- **STORED DATA**:
● ● ● ● ● ● ●

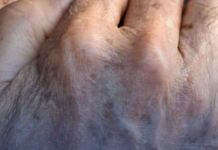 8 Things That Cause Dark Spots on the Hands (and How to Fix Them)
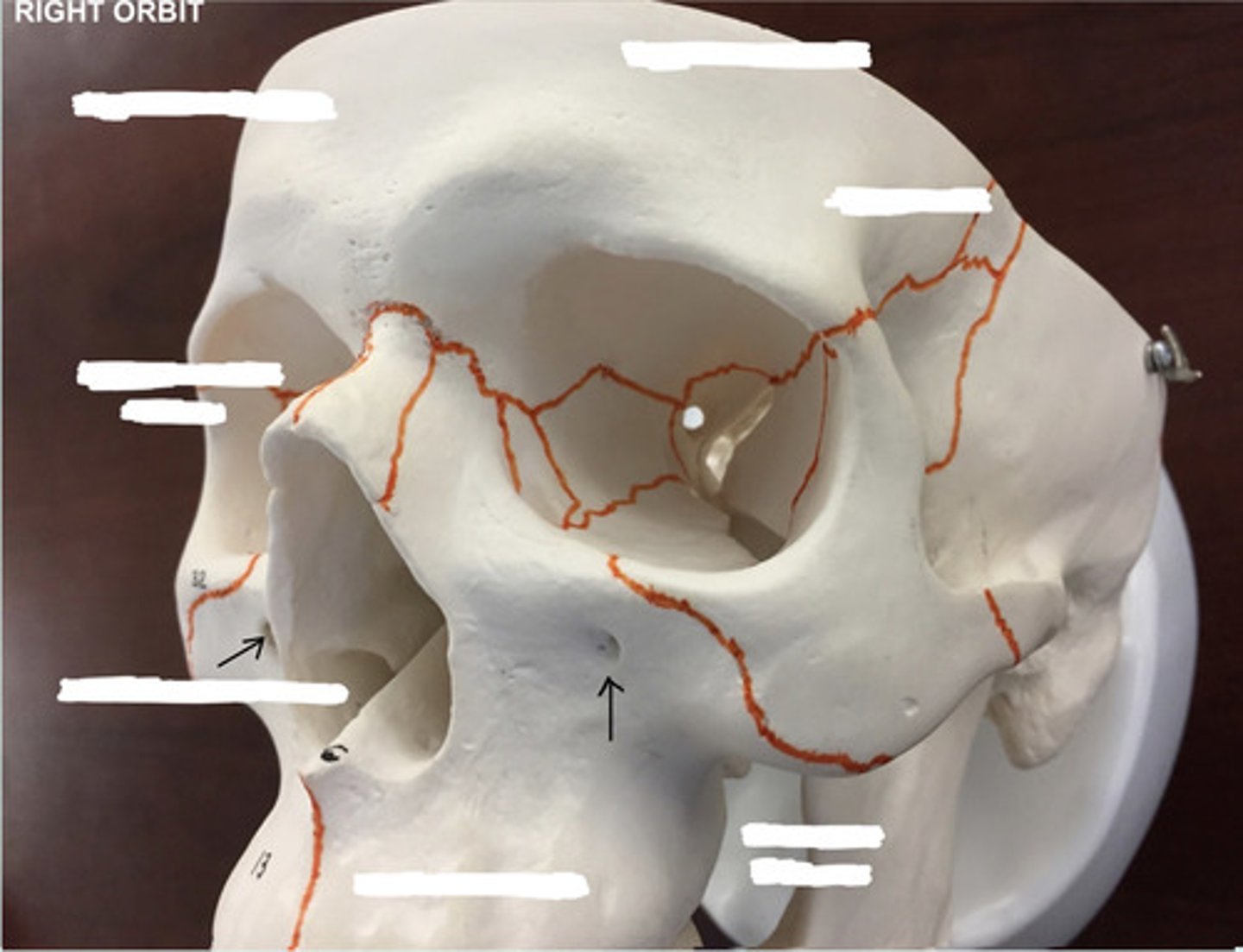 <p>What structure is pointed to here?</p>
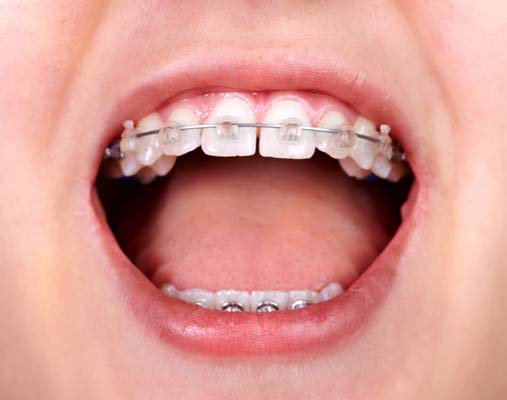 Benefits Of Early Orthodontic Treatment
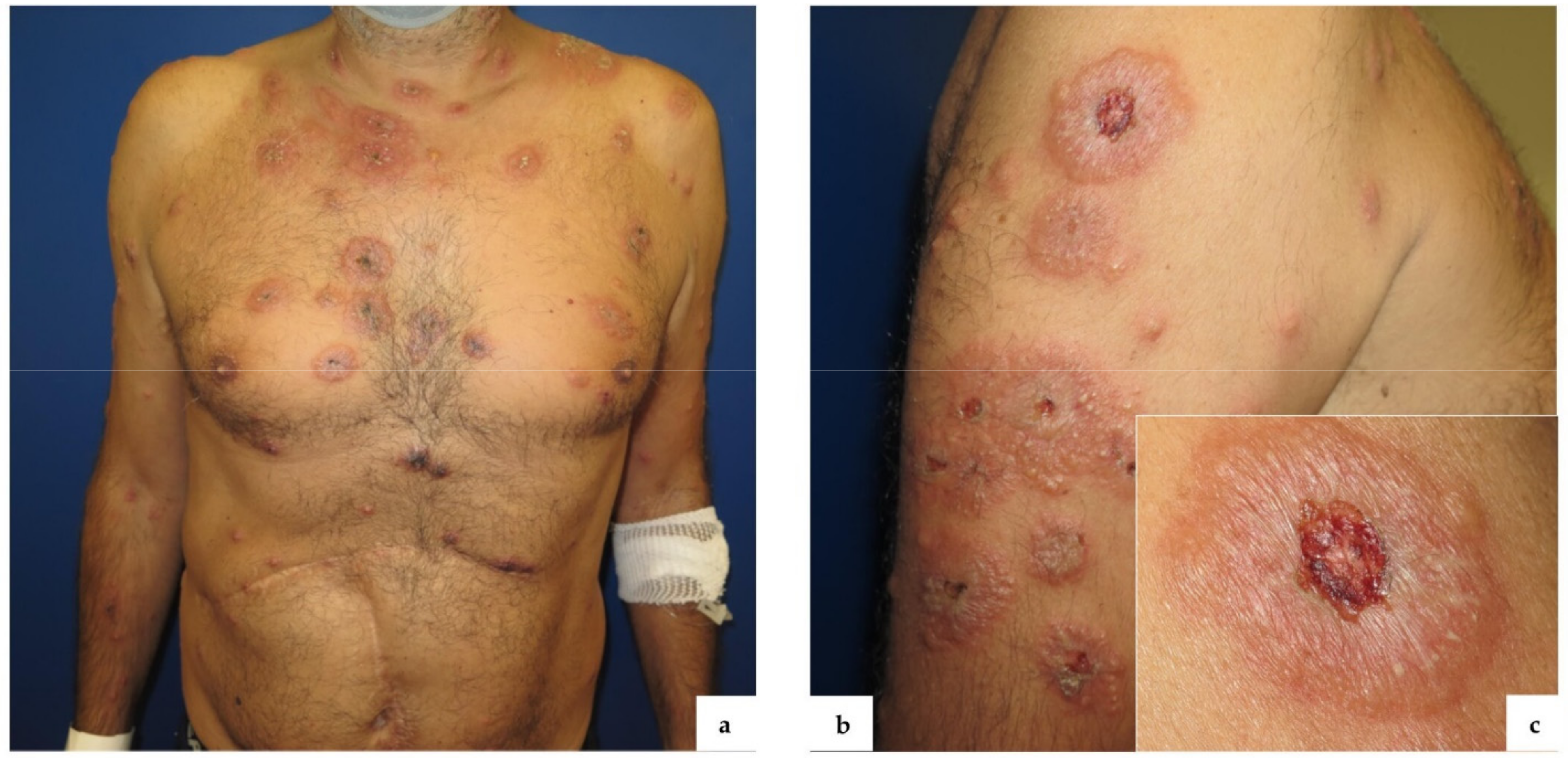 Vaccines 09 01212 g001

● ● ● ● ● ● ●

- **EXERCISE BRIEF**: When you transcribe the lines above, keep every word exact but leave the pictures behind.

- **WRITTEN RESPONSE**:
 8 Things That Cause Dark Spots on the Hands (and How to Fix Them)
 <p>What structure is pointed to here?</p>
 Benefits Of Early Orthodontic Treatment
 Vaccines 09 01212 g001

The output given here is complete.